Tuesday, March 14, 2000
Boone delays land use guide
Property owners object to wording
BY ANDREA TORTORA
The Cincinnati Enquirer
BURLINGTON A public debate over word choice tabled the adoption Monday of the goals and objectives of Boone County's comprehensive plan, the document that guides land use in the county.
At issue is how the county will guide changes to rural areas in the western part of the county.
For nearly two hours Monday night, the fiscal court discussed suggestions for the land use document with about 50 developers, farmers and other property owners at the county administration building.
The League of Property Owners presented the farmers heritage protection act for inclusion, a document that would weaken the wording of the comprehensive plan. It changes words such as establish to consider, or mitigate for a type of undesirable development rather than prohibit it.
Bob Porter, a Richwood landowner, said he was alarmed by the bold language in the comprehensive plan and how divisive it sounds.
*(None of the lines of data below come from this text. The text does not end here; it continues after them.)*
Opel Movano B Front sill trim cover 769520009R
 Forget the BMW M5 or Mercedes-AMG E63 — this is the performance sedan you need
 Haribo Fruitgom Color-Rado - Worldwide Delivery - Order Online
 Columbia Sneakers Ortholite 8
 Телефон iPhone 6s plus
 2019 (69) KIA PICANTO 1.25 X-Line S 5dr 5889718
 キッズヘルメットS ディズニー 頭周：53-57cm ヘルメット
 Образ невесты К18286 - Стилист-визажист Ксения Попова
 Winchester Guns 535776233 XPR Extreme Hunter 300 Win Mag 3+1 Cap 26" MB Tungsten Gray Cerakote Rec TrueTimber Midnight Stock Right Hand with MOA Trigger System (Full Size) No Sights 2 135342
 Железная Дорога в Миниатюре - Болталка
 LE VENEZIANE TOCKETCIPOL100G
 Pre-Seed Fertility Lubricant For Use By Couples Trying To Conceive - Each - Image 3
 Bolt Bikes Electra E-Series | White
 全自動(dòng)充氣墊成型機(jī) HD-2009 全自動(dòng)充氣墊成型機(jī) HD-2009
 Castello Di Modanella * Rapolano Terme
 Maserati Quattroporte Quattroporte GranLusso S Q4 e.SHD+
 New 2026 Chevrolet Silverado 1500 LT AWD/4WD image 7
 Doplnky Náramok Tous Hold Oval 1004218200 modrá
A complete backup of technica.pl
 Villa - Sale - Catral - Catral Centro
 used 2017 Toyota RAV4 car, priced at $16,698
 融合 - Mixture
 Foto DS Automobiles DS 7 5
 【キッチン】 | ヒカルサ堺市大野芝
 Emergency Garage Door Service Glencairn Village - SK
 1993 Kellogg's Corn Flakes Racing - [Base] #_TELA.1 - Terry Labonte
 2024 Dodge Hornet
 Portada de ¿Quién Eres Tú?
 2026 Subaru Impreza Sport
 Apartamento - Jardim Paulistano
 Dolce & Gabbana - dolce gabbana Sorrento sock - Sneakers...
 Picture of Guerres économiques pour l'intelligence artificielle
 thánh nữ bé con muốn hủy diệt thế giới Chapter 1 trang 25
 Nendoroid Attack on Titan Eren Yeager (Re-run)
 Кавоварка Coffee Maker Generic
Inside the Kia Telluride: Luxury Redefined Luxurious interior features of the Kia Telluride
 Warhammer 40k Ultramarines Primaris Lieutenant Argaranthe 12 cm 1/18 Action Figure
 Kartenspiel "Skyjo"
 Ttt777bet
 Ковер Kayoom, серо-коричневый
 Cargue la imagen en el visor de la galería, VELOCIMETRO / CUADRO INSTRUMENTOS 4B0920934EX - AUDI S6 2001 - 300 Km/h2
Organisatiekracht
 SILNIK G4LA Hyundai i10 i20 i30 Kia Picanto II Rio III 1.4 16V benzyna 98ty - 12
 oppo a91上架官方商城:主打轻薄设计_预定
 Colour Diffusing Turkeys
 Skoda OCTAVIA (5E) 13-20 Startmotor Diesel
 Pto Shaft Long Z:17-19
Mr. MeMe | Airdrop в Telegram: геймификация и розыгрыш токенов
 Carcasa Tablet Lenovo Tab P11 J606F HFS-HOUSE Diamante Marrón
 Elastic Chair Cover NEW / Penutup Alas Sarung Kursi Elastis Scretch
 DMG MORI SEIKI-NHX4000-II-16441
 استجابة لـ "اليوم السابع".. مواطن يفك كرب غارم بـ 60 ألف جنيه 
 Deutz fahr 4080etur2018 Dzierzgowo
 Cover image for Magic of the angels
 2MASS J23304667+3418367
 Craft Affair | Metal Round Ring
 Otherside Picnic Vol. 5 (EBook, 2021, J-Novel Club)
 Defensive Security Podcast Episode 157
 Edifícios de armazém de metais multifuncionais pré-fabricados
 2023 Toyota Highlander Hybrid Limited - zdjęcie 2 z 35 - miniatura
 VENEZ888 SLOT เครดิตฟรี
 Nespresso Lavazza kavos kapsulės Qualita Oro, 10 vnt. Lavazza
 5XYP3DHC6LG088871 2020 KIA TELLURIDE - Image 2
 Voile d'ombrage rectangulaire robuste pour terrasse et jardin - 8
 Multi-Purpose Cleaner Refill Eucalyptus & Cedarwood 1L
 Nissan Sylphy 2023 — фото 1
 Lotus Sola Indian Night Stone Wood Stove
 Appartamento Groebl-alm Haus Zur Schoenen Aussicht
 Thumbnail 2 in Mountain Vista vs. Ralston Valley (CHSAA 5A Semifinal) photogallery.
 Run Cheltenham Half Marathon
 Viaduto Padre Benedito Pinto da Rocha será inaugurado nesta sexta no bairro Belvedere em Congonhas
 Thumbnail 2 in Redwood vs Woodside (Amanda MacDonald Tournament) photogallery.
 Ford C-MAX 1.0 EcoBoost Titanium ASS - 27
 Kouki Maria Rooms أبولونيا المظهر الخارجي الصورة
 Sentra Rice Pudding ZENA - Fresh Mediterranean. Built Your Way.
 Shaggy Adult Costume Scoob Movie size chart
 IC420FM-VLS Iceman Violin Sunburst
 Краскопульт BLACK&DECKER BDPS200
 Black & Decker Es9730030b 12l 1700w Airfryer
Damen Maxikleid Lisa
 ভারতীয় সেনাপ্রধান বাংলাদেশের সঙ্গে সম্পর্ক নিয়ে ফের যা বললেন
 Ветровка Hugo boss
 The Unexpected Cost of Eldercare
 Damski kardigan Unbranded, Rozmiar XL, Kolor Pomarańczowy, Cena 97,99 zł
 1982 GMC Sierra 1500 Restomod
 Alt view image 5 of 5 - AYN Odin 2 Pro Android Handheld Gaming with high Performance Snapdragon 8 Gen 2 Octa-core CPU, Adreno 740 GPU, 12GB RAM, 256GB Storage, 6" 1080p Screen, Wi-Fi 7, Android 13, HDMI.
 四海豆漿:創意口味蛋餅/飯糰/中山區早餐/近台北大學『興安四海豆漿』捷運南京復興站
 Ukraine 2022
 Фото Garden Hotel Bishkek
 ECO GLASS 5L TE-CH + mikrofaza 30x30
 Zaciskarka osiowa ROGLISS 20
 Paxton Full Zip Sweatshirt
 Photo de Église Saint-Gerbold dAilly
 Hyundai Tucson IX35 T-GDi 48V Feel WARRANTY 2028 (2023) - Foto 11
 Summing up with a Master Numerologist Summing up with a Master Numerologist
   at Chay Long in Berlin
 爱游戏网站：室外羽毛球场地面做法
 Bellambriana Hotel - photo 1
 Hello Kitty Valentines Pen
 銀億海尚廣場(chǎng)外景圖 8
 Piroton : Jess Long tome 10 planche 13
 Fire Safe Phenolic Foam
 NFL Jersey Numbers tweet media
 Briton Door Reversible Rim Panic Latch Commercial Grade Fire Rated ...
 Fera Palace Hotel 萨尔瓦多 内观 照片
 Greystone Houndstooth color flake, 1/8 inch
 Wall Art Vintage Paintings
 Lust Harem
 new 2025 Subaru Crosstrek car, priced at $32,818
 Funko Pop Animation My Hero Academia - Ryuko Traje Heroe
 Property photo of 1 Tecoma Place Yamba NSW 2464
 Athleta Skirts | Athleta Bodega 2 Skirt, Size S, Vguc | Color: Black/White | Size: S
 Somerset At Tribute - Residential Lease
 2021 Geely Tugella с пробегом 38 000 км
We are split in half, and this document perpetuates that, Mr. Porter said.
Rick Brueggemann, a member of the league, said he fears the plan's language would limit how owners could use, sell or develop their land.
Certain points in here are damaging to people without 401(k)s and stock investments, Mr. Brueggemann said. If you make it so we can't sell our property, you destroy our retirement.
Walton resident Bernie Kunkel said if the fiscal court wants to preserve rural land in western Boone County, it should purchase the property. If you buy it, you can preserve it all you want, he said.
Judge-executive Gary Moore said the commission needs more time to review changes to the document before it could vote.
Nevertheless, there was plenty of political talk about the role of government in regulating property development.
Commissioner Robert Hay said the plan is about controlling growth, not stopping it.
At some point we have to decide in this county whether we want the west side to look like the east side, Mr. Hay said. What we're talking about is making the development fit that part of the county.
Commissioners Rob Arnold and Cathy Flaig said government should not make those decisions.
We need to stay out of (farmers') lives, Ms. Flaig said. Less government is better government. That's what we were elected on.
Mr. Arnold and Ms. Flaig made an attempt to adopt a version of the goals and objectives that included the farmers heritage protection act and other suggested changes. The motion failed, 2-2.
Instead, the court will reconsider the goals and objectives at 5 p.m. on March 27 at the county administration building.